Saturday, April 13, 2013

Old San Francisco (1927)

WHO: Alan Crosland was the director of this film; in 1961 William K. Everson called him "sadly underrated by historians" and I don't think his stock has been rated much higher in the decades since then.

WHAT: By no means an example of silent-era movie-making at it's highest artistic level, Old San Francisco is nonetheless a fascinating curiosity, especially for anyone interested in how San Francisco's Chinatown and the 1906 earthquake were depicted in the silent era.

Beyond some stock photography of city views, the production was made entirely on Hollywood sets.  Old San Francisco was the last of a string of films including Don Juan and When a Man Loves, each made by Crosland as silents and then released with Vitaphone disc musical scores in theatres wired for sound. His next film was his, and Hollywood's, first feature to include sequences with synchronized dialogue: The Jazz Singer. It's notable that this used San Francisco (in particular, the famed speakeasy Coffee Dan's) as the setting for the first appearance of star Al Jolson's voice in the film.
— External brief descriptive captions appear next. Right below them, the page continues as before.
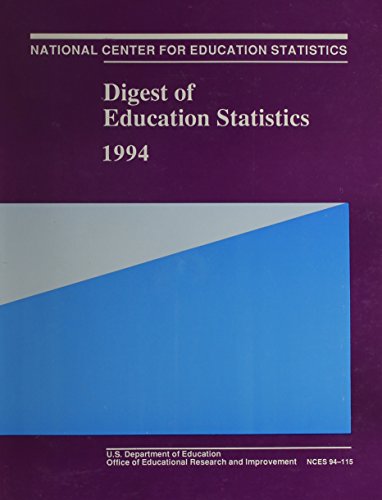 Book Digest Of Education Statistics, 1994 free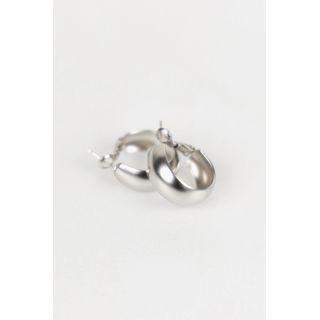 Plain Bold Hoop Earring Silver - One Size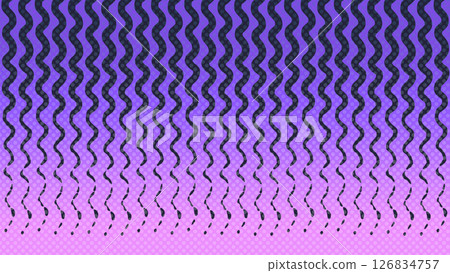 Pop purple pink gradient background with faded pattern of black wavy lines and dots - cartoon stock footage Pop purple pink gradient background with faded pattern of black wavy lines and dots - cartoon stock footage 126834757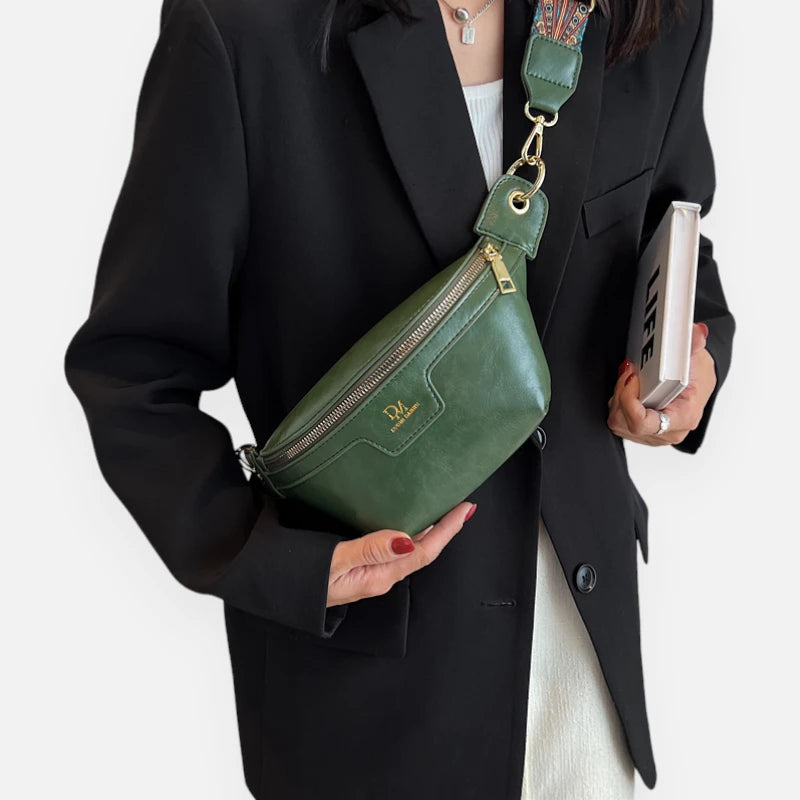 Sac banane cuir chic à bandoulière Margot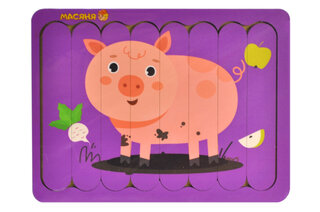 Пазл-вкладка, серія свійські тварини "Свинка"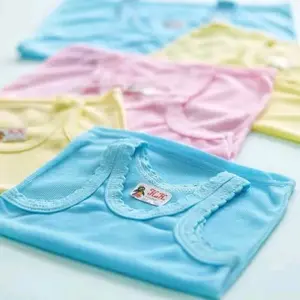 1Lusin kaos dalam anak usia 0-8thn / kaos dalam bayi / singlet bayi S, M, L, XL, L3, L4 murah Laki laki Perempuan Fashion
According to the Warner DVD commentary recorded by Ron Hutchinson and Vince Giordano, this scene was actually shot in Los Angeles, meaning that again San Francisco is only actually seen on screen thanks to stock photography.

WHERE/WHEN: Screens on a program beginning at 7:30 tonight only at the Niles Essanay Silent Film Museum.

WHY: For those more interested in films shot on Frisco Bay than in those merely set on Frisco Bay, tonight's screening is still noteworthy, as Old San Francisco is accompanied by two brief documentaries made in 1906 (A Trip Down Market Street and The Destruction of San Francisco) which together depict the vast changes to the cityscape in April of that year. Yes, this is the Niles Film Museum's annual earthquake-themed show, timed to coincide with the anniversary of the most cataclysmic minute in the city's history. The actual anniversary is this Thursday, but the Museum doesn't traditionally hold screenings on Thursdays. 

There are likely to be more Frisco Bay films screening at Niles soon, including some surely shot in Niles itself, as the annual Broncho Billy Silent Film Festival has announced its dates (June 28-30) and even provided a teaser of a few titles. King Vidor's top-drawer Hollywood satire Show People, Lotte Reiniger's beautifully animated The Adventures of Price Achmed and the Gregory La Cava-directed Colleen Moore picture His Nibs are among those being dangled in front of us before the full program is announced. None of these are, to my knowledge, set or shot in the Bay Area, but Broncho Billy always screens a number of films produced by the Niles Essanay studio which the museum is named for and primarily devoted to.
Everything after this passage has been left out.